Task directions:
Take the lines below from the one with "Cuplaj unisens electromotor" through the one with "Clementinaswansong: Big Tits, Amateur" and print only them, exactly. Don't print the pictures.

Material for the task:
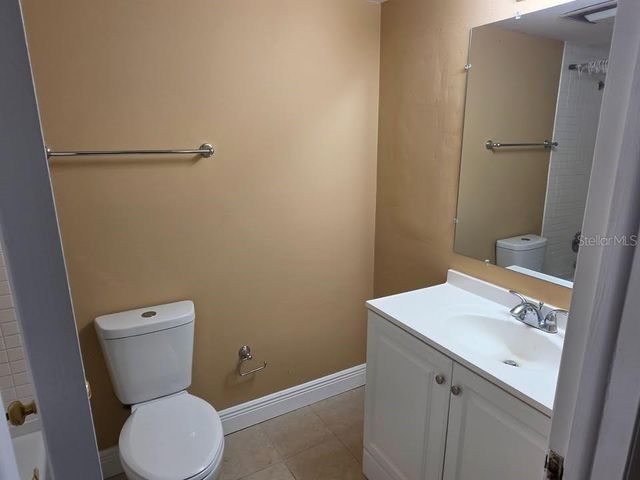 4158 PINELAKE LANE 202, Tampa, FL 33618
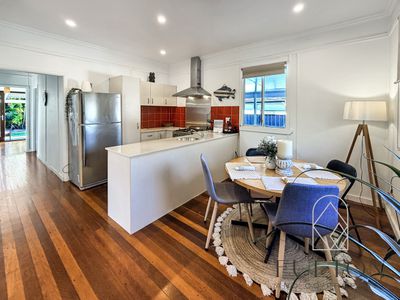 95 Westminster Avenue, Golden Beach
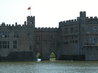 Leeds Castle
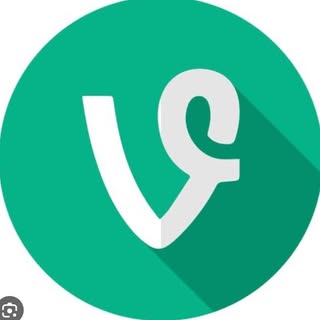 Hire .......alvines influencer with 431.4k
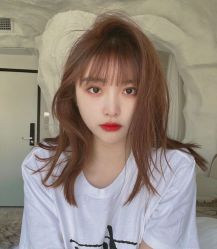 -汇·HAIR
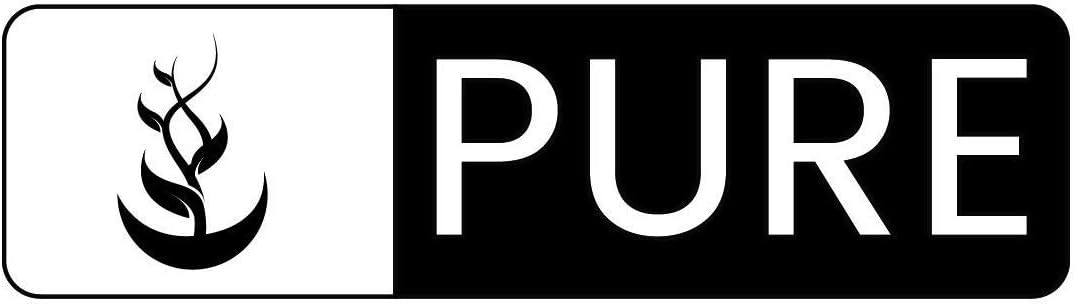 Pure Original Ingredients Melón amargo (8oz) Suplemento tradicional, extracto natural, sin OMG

...

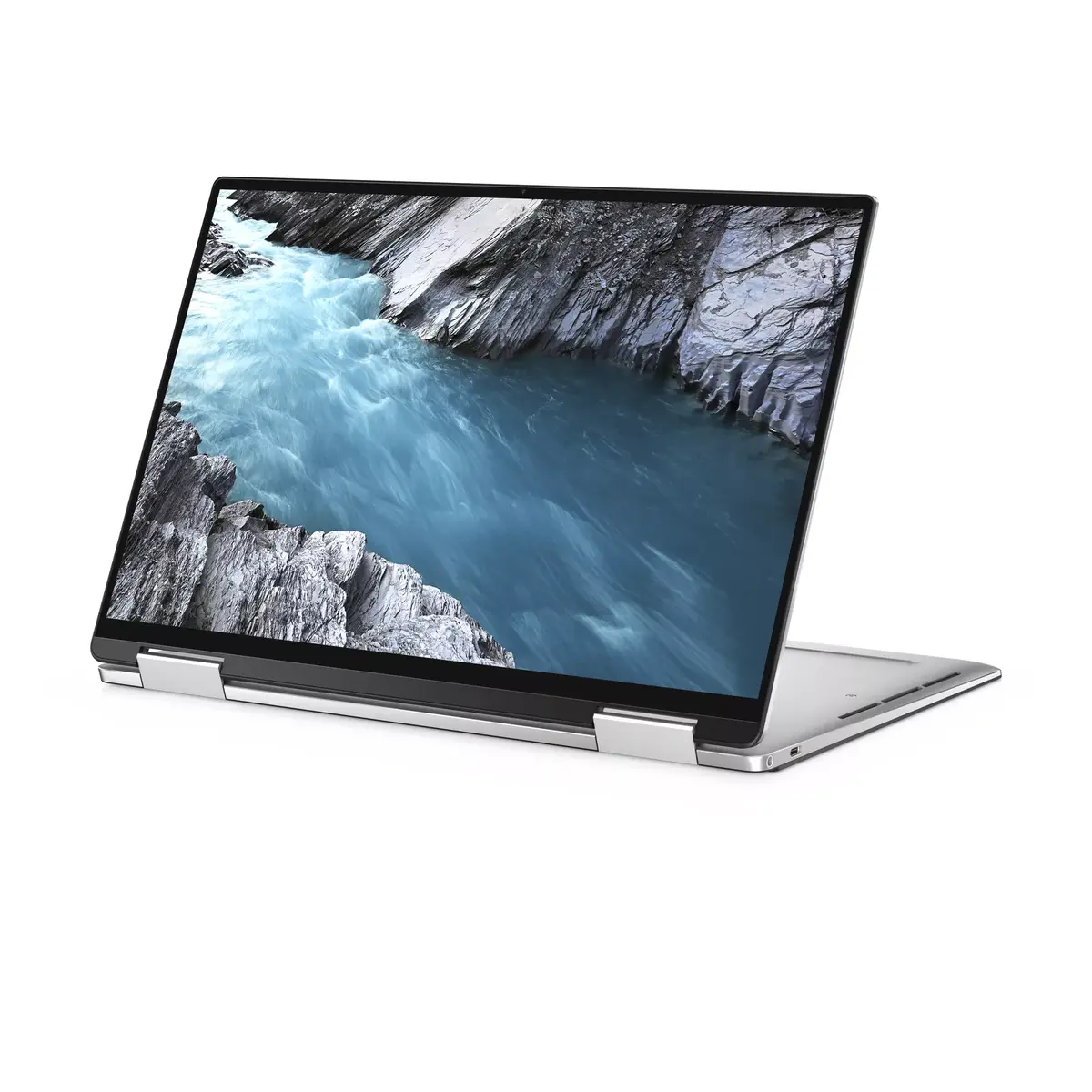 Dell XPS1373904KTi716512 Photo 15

--

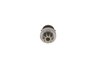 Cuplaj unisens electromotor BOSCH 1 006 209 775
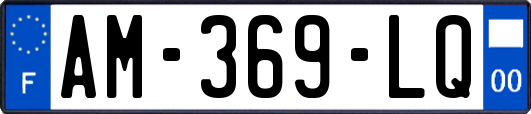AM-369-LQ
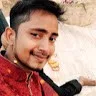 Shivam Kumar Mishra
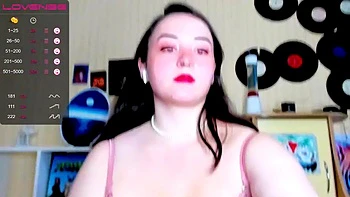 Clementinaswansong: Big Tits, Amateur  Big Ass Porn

Written answer:
 Cuplaj unisens electromotor BOSCH 1 006 209 775
AM-369-LQ
 Shivam Kumar Mishra
 Clementinaswansong: Big Tits, Amateur  Big Ass Porn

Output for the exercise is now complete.